Manuscripts/Mixed Material Interview with Robert E. Barbour
BARBOUR: The Vietnamese certainly, I don't know if oppressed them is the right term, exploited them. As the highlands became targets of development and exploitation and the Vietnamese moved up there voluntarily they began to conflict with the Montagnards whose lands they were. The Montagnards were much happier with us, I think, than with the Vietnamese who were very aggressive. Sihanouk used to say that if there had been no French in the middle of the nineteenth century there would be no Cambodia. Yes, there were conflicts and the Vietnamese in their cultural arrogance looked down on them and exploited them and ordered them around. I remember once we were spending the night in a Montagnard village and as we were sitting around I noticed a picture of Diem up on the wall. I asked our host, “Who is that man?” He said, “I don't know.” There was a Vietnamese with us who got very exercised and said, “Yes you do know who that is.”
Q: Did you ever get to see Diem's brother?
BARBOUR: Yes, I had one meeting with him shortly before I left, unfortunately; I hadn't wanted to press him but use it as a social occasion to build upon later. I think I was the only American who ever saw him. We had a nice social chat about general problems up there and about American aid, he had some pet projects he hoped we would help him with. He had some criticisms of American aid which, as I recall, were factually incorrect and improperly premised. Just a few days before we were leaving we were being inspected and I had the inspector in my office and there came some messengers from the “councilor,” as he was called. In they came with a pole over their head with an enormous gaur head. A gaur is a wild cow, I think, a jungle cow, an enormous beast. Here was the stuffed head of this gaur slung on the pole. That was my farewell present from the councilor.
Q: How did the Embassy use you? You already had your ties there.

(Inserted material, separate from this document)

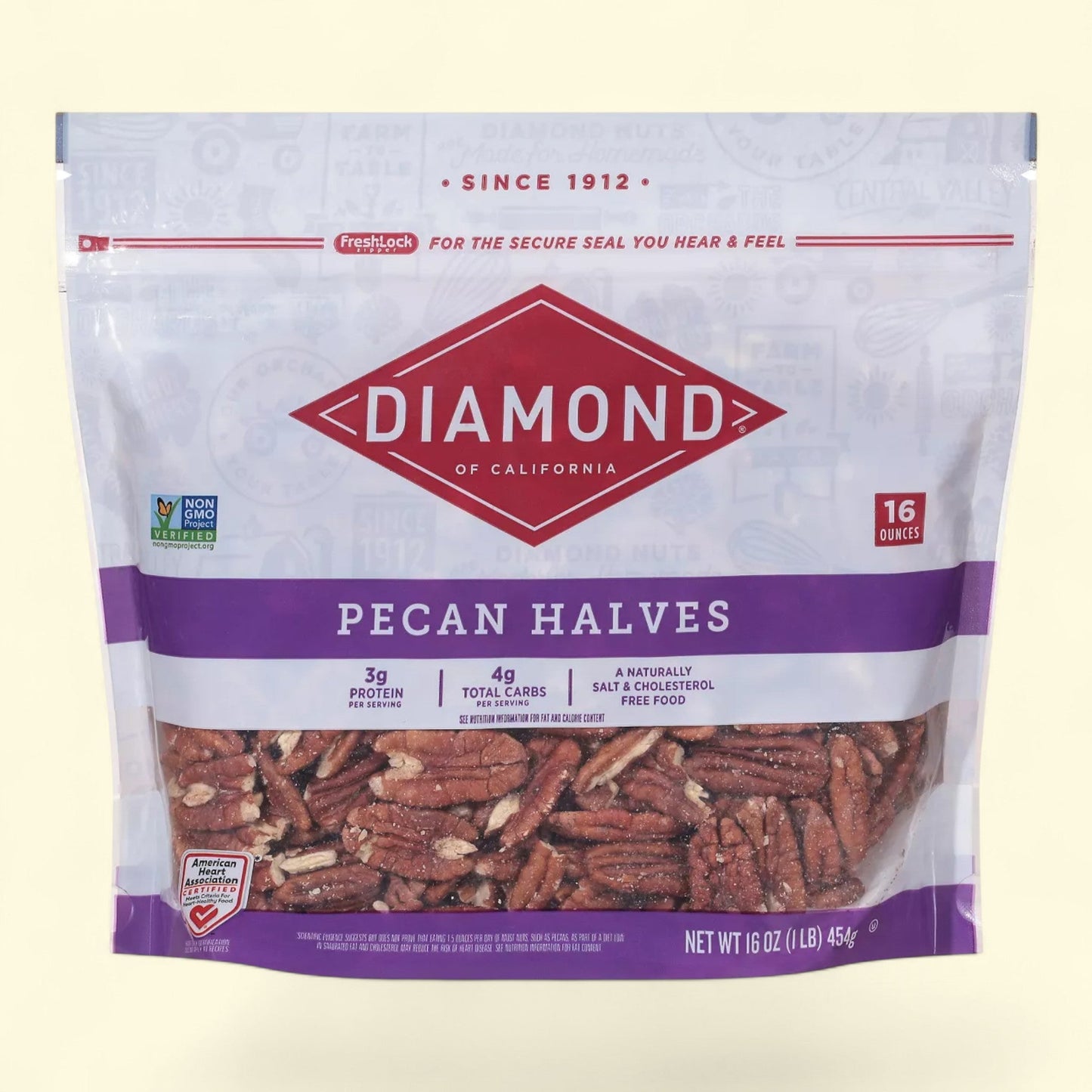 Diamond of California Pecan Halves, 16oz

BARBOUR: We were a listening post to extend the reportorial reach of the Embassy, which we did. I remember one day sitting in my office wondering what I would do with my time that day. I said to myself, “I know.” I got in my car and drove down to the lagoon, it was a kind of estuary, hired a boat and went across to the other side and spent the day walking around through a couple of villages there. Then went back and wrote what I thought was a wonderful report on what life was like over there, what people were talking about and how the economy was functioning or not functioning.